Technology Advising is Business Advising
Ryan Frederick | December 4th, 2024 | Dublin, OH
At Transform Labs, we’re technology advisors, but this also means we’re business advisors. Technology and business should be inexorably linked. To do otherwise does a disservice to both.
Technology is a tool that organizations can leverage to improve their operations, better serve customers, and increase overall enterprise value. However, too often, organizations treat technology tactically. Technology can only help unlock an organization’s untapped potential for efficiency, productivity, and scale when it is aligned with its strategic direction. A tactical-only approach to technology will provide minimal value to an organization, whereas a strategic approach can drive immense value.
We engage with clients around their business needs and opportunities just as much, if not more so, than technology initially. Systems can be integrated, products built, and user experiences designed, but all of the production around technology projects is less relevant than the business factors driving and resulting from the work. The production aspects of technology initiatives should be a given these days, with business and strategy advising being of the greatest value.
Business cases are not a new concept for substantiating a technology project. However, business cases, especially for mid-market companies and nonprofits, are more challenging to create than those at large companies with the team and infrastructure to invest the time and money in extensive business cases. We help our clients bridge the gap between the organization’s current and desired future state through business and strategy advising as a precursor to technology advising and production work.
Business cases at enterprise companies also, too often, justify something someone wants to happen and how rather than an unbiased perspective. The landscape of enterprise technology projects is littered with low-value returns from projects supposedly from well-thought-outwell-thought-out business cases. High-value leveraging of technology can’t happen from biased and tactical business cases. Tactical business cases justify tactical approaches to technology rather than strategic ones.

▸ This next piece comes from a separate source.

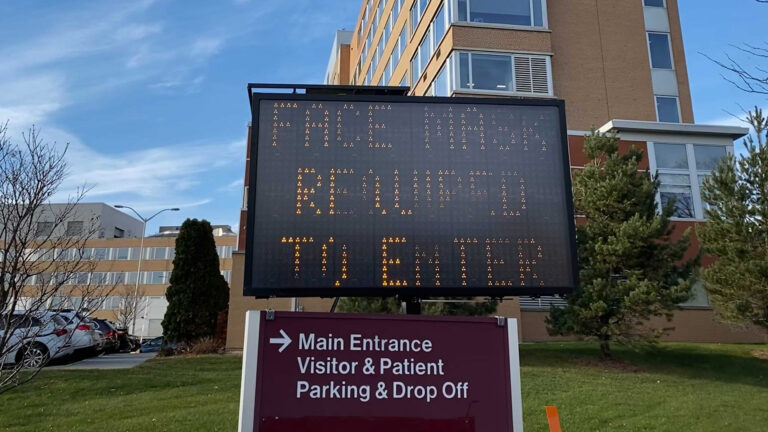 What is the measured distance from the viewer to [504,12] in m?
20.0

An organization’s overall strategy should drive everything supporting it, including technology. Technology can only serve an organization effectively by first understanding technology’s role in serving an organization’s strategy. Aligning technology to an organization’s overall strategy is how we add the most value to clients. There are numerous ways to get technology production work performed. Offshore, contract staffing, freelancers, outsourced, in-house, and, of course, a combination of these. Technology production services vary in experience, expertise, quality, and cost. However, an organization choosing to approach technology production work is less important than what drives the work and how the work is contributing to key strategic objectives.
The only way to leverage technology strategically and maximize its value is to align it with an organization’s desired future state of business model, operations, and objectives.